| Task to carry out |
Include the line containing "4ct round brilliant" and every line after it up to the end of the material below; reproduce them exactly and drop the pictures.

| Information supplied |
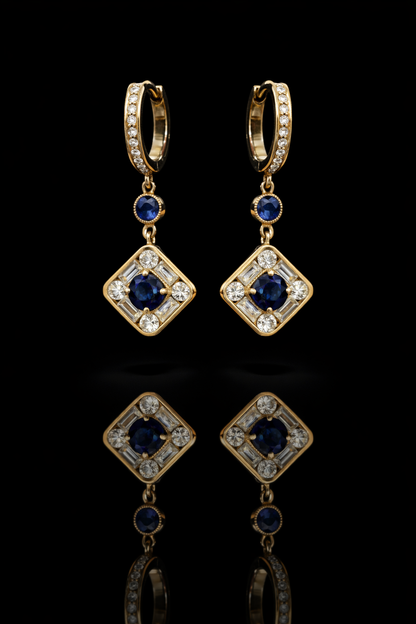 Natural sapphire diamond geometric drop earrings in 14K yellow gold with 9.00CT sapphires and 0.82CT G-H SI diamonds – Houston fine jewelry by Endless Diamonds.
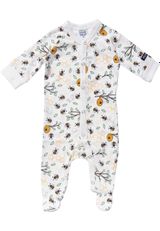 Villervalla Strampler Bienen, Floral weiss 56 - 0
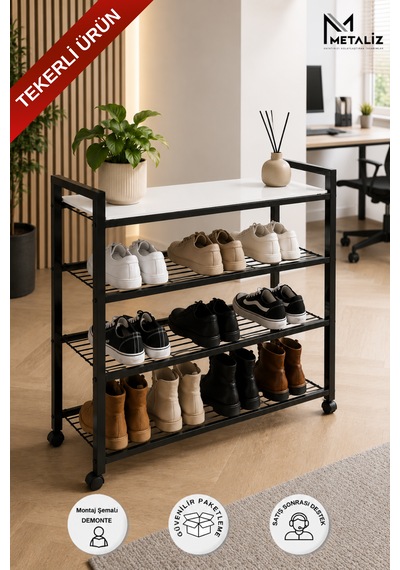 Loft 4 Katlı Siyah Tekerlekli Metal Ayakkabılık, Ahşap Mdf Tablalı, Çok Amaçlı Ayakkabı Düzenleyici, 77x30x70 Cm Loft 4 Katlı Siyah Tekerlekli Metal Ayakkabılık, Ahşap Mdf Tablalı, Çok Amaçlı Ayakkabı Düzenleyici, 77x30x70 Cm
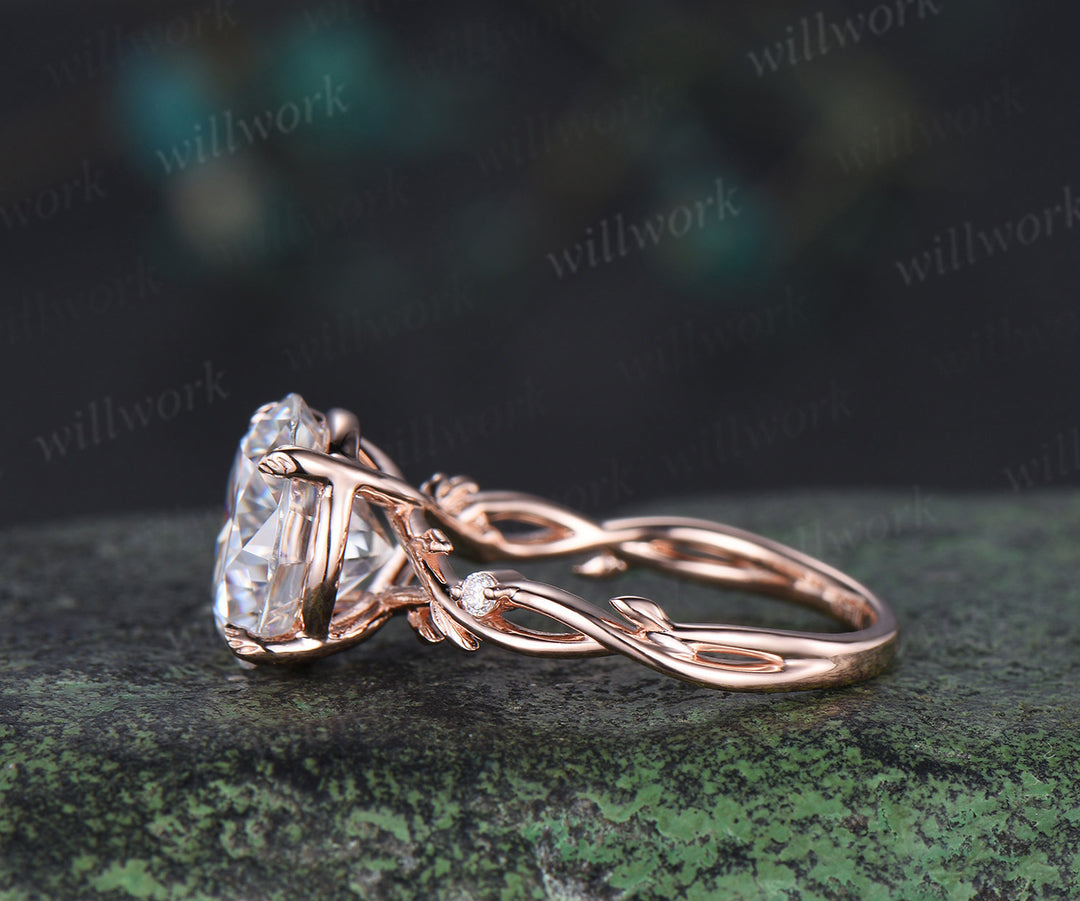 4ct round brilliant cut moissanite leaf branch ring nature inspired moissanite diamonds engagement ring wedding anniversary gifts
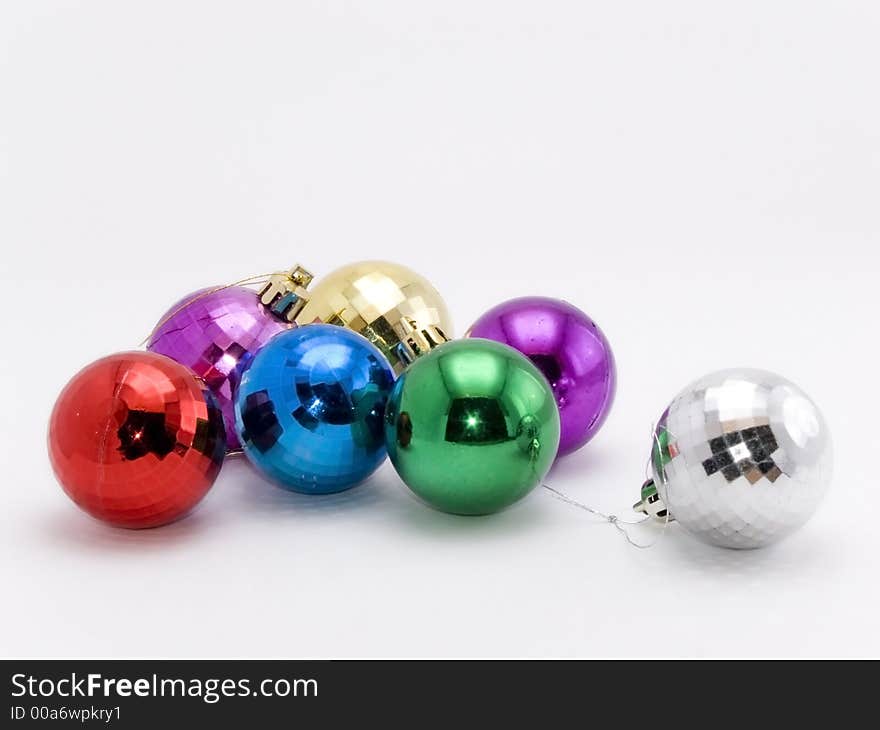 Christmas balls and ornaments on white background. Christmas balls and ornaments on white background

| Answer box |
 4ct round brilliant cut moissanite leaf branch ring nature inspired moissanite diamonds engagement ring wedding anniversary gifts
 Christmas balls and ornaments on white background. Christmas balls and ornaments on white background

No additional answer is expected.